Learning to listen
For more than 25 years, I’ve listened to well over 10,000 stories as a film producer and story consultant. Over time, I observed that when I was listening to the best stories, there was something deeper going on. Or as I like to say, “a story behind the story”. To get to that truth has involved learning to actively listen. To quietly give the storyteller all the time they need. Because that is when things are revealed.
In our modern workplaces, listening is paramount. It’s not a skill that any of us put on our CVs, but truly, it can change the way you work, the way you communicate and how you deal with issues.
And what about when someone listens to us? Well, things can become, dare I say it, quite emotional—we feel heard; we feel valued. It can completely change how we feel about coming to work each day.
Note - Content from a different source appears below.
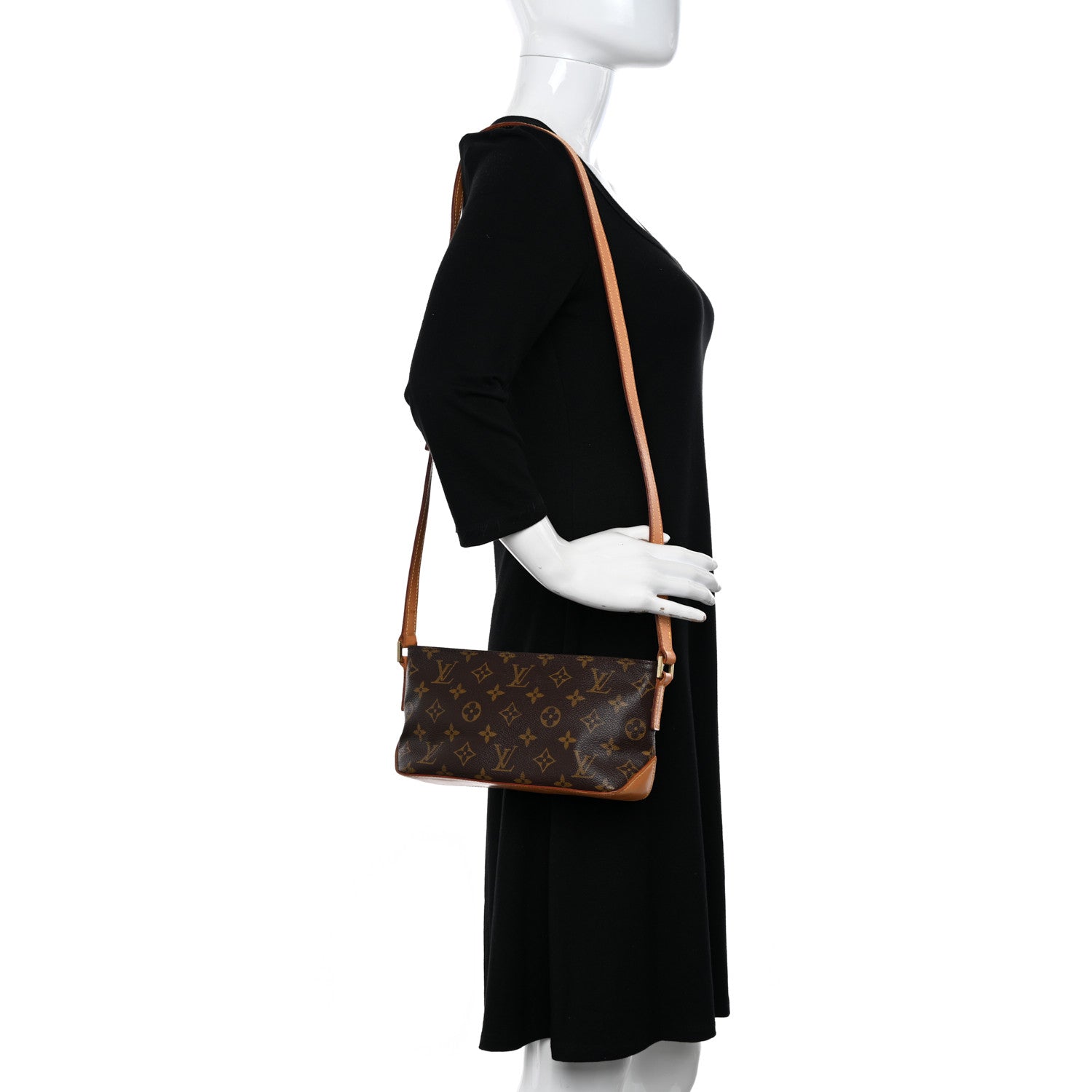 Louis Vuitton Monogram Trotteur 2 of 9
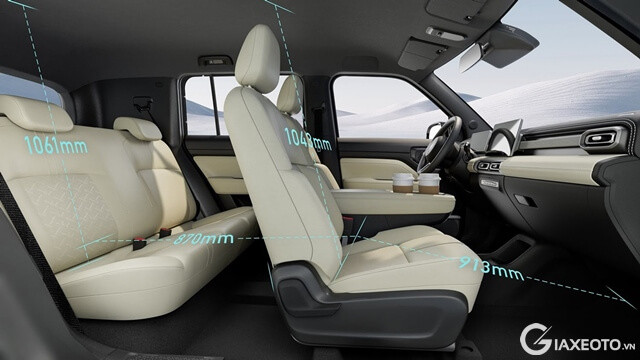 cabin-xe-baojun-yep-plus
Demands on our time and attention
So how has this basic act become such a rare commodity? We live in a world that demands our time and attention. It’s constant and it’s overwhelming. If it’s not the people around us, it’s our screens and devices. All vying for our attention. The world has become incredibly noisy. Messaging platforms, social media, emails, phone calls. A knock at the door almost feels nostalgic. So how do we listen; how do we hear each other?
Find the quiet
A simple way to quieten the noise is to step outside. Take yourself for a walk. This can be in an urban setting, along the shoreline or a stroll down a leafy street. It can be anywhere, but if possible, try and go somewhere away from the sound of traffic, sirens, or rumbling trains. As you walk, take the time to tune in to sounds from the natural world. This may be birdsong or the wind in the trees. When we consciously tune in to these sounds it somehow recalibrates our brainwaves, and realigns our hearts and minds. We slow down. And maybe the people you encounter, and the rest of your day will be better for it.
Tune in to someone else
Listening takes time. If time is something you don’t have, I would highly recommend you make time. Simply listening to another person for just five minutes can have lasting consequences. To do this, take the time necessary, ask simple questions and open up a common space between you both. Questions such as, “What happened next?”, “Why do you think you did that?”, “How did you feel?”, “How do you feel now?” Try and listen in a non-judgmental way—no sighs or audible reactions.
In doing so, you’re inviting them to step into a wider, more open space. There’s great power in this act. A new trust has been born between you both.